DATASET EXCERPTS START

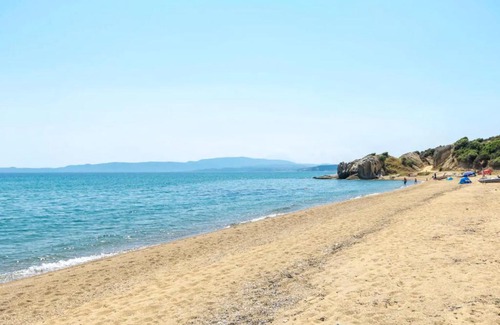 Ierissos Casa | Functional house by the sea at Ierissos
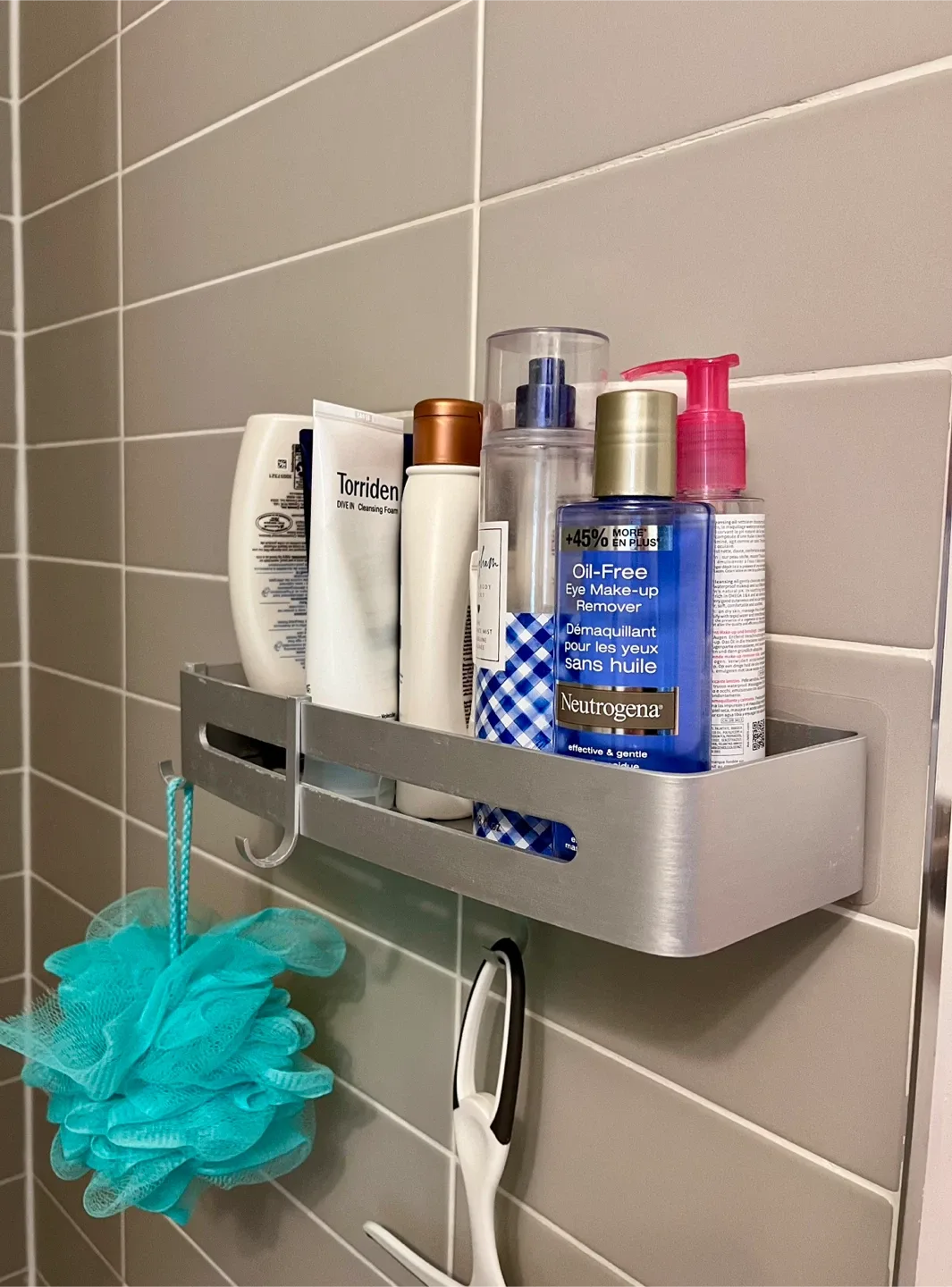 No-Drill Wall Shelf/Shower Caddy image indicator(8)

DATASET EXCERPTS END
DATASET EXCERPTS START

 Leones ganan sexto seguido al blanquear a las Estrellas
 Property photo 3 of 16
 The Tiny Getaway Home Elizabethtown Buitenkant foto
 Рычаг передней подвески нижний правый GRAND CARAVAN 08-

DATASET EXCERPTS END
DATASET EXCERPTS START

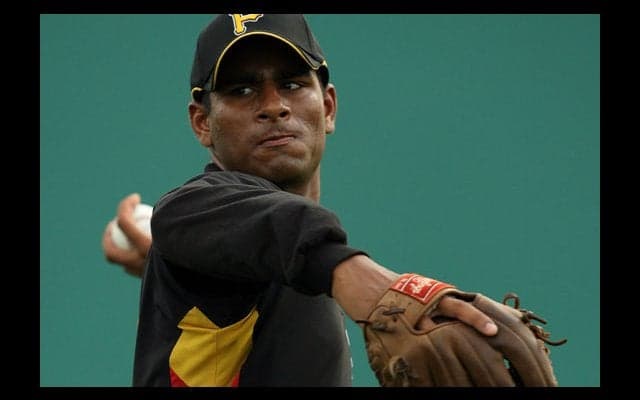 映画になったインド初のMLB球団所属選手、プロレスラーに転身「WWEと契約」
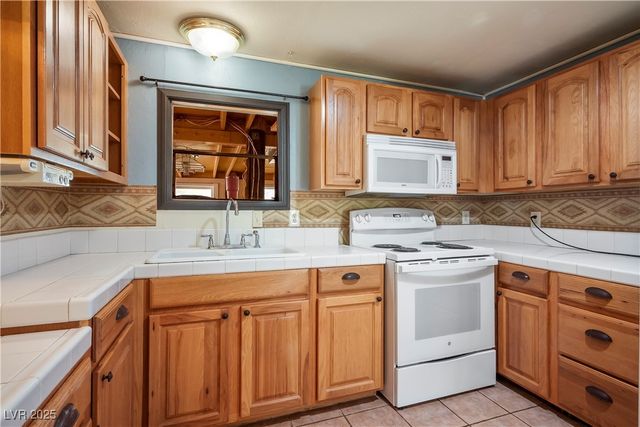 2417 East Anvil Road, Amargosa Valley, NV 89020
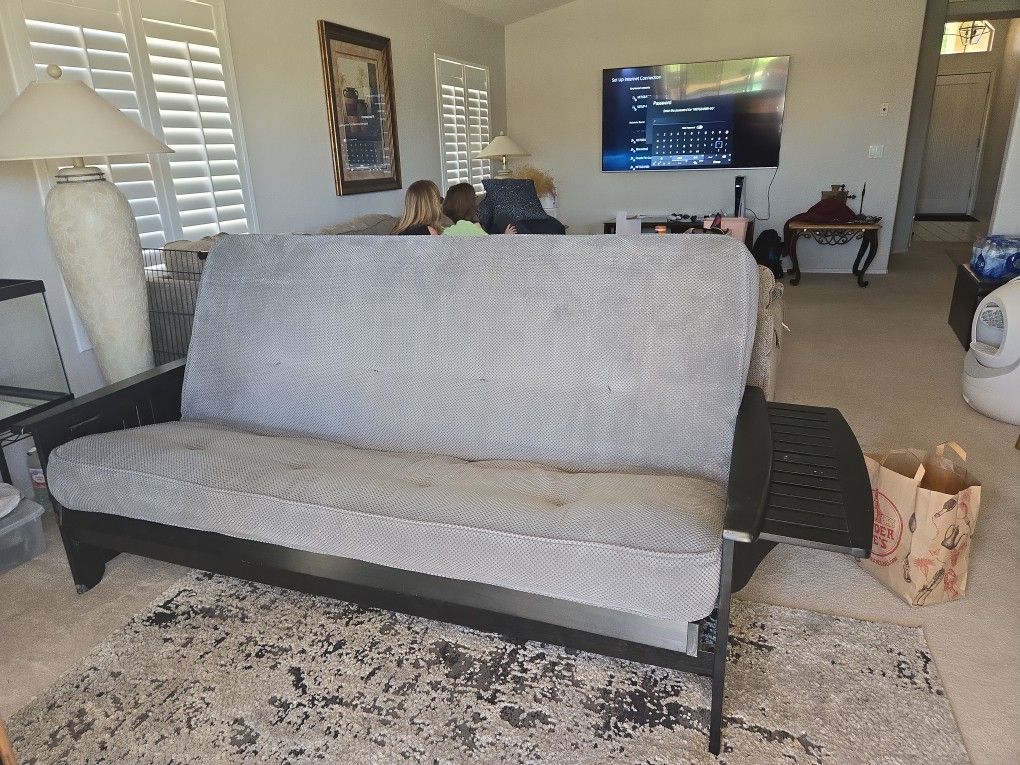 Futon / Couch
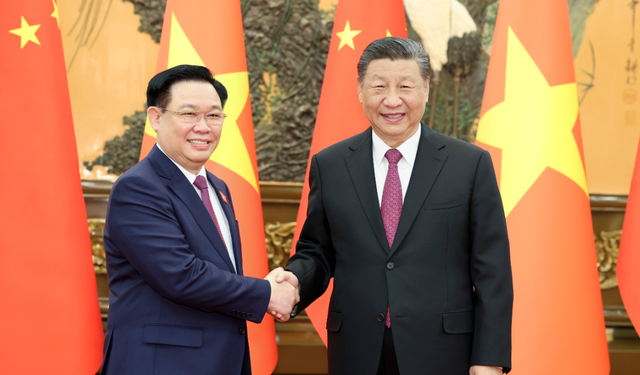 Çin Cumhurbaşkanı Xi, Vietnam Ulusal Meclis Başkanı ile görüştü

DATASET EXCERPTS END

**THE TASK**
Range to copy from the listing above: the line containing "Ierissos Casa |" down to the line containing "No-Drill Wall Shelf/Shower", both included. Reproduce it exactly, minus the pictures, and add nothing.

**TASK RESULT**
 Ierissos Casa | Functional house by the sea at Ierissos
 No-Drill Wall Shelf/Shower Caddy image indicator(8)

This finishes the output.